Clássico que encena polêmica

Alice Cooper (Ilustração de Denis Hiroshi/Area E)
Alice Cooper (Ilustração de Denis Hiroshi/ Area E)

As imagens mais recorrentes sobre os shows de Alice Cooper são de rituais violentos, com vocal gritado e um rock ardido e pesado. Somando os olhos maquiados de preto, roupas sujas de sangue (falso), cobras e guilhotinas, a conta macabra fecha perfeitamente. Mas o Alice Cooper que se apresentou no dia 2 de junho no Credicard Hall é bem diferente. Pela turnê No More Mr. Nice Guy Tour, o grande nome do rock teatral se mostrou, paradoxalmente, um “cara legal”.

Embora, a banda do líder Vincent Furnier – nome de bastismo da estrela do hard e classic rock que chegou até tentar carreira política – seja ícone desse rock teatral, com performances repletas de objetos dignos de um filme trash de terror, com luzes e fumaça cor de sangue, o gingado de cintura de Alice e o boné de couro de um dos integrantes da banda lembrou Village People.

O espetáculo começou quando as luzes se apagaram diante de heterogêneas cinco mil pessoas, ou quase isso. Alice entrou no palco vestido de aranha ao som de The Black Widow, ou A Viúva Negra em português. A audiência foi mais modesta e tranquila do que em sua primeira visita à São Paulo, em 1974, quando se apresentou no Anhembi para cerca de cem mil pessoas. Na ocasião, a polícia precisou conter a multidão. Mas no Credicard Hall a “confusão” foi apenas no palco, acompanhada de vários clássicos do artista.

Ao longo do espetáculo, os elementos cênicos vinham a reboque das músicas. Em Feed My Frankstein, uma máquina explode no palco e então surge uma espécie de “boneco de Olinda” com a cara de Alice travestido de Frankstein, algo mais próximo do trash do que do assustador. Como de costume, houve também a encenação da decapitação de Alice, ao som de I Love The Dead. Uma das músicas poderia ser até romântica, fala de amor bandido e de uma mulher que apanha do marido – Only Women Bleed. Enquanto cantava essa música, Alice com seus 63 anos dançava, brincava com uma boneca de plástico. Na música seguinte fez cara de mau e a chutou.

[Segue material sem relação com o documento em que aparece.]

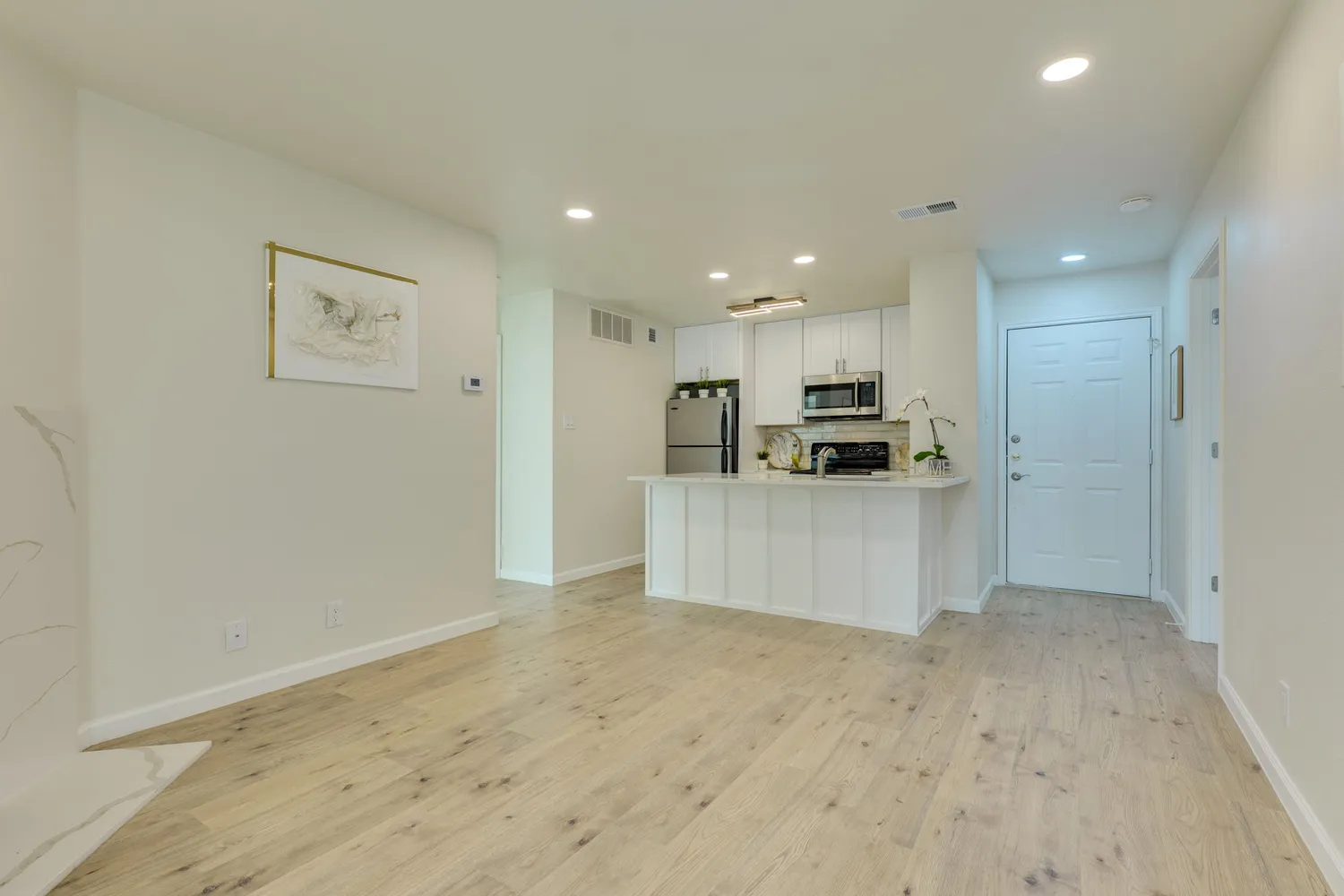 a kitchen with kitchen island a white counter top space cabinets and stainless steel appliances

Brincadeira ou não, é curioso pensar como esse espetáculo da violência sobrevive ainda hoje. Talvez não sobreviva tão bem, o que poderia ser uma explicação da redução do público de Cooper. Segundo o vocalista e compositor, em entrevista ao jornal Zero Hora, as bandas de rock’n’roll de hoje parecem ter medo de fazer um rock mais forte e isso, segundo o vocalista, teria a ver com e tendência do politicamente correto.

Freud não explica

Para Gustavo Henrique Dionisio, mestre e doutor em psicologia pelo Instituto de Psicologia da USP e professor da Unesp – Assis: “a marca registrada de Alice Cooper em seus shows, a utilização de pedaços de corpos, membros despedaçados ou mutilações não é um procedimento muito novo na história da arte e da cultura”. Recorrendo ao texto do psicanalista Jacques Lacan, que discorre sobre o “Estádio do Espelho”, fase em que, entre outras coisas, a criança experimenta seu corpo como um todo despedaçado, Gustavo busca compreender a atração que espetáculos como o de Alice exercem.

O professor sugere que o espetáculo de mutilação oferecido por Cooper, além de estar relacionado ao aspecto traumático da fragmentação moderna, vai na direção de exercer uma espécie de sedução parecida, embora não idêntica, à que acontece naquela fase. “Ao olhar para a imagem em pedaços, o espectador acabaria testemunhando uma vitória inconsciente de seu ‘eu’ como algo inteiro, algo que atestaria sua unidade, ainda que ela seja imaginária e daí viria a atração que o procedimento provoca na cultura pop”, completa. Gustavo justifica dizendo que os filmes de horror nunca deixaram de lotar as salas de cinema.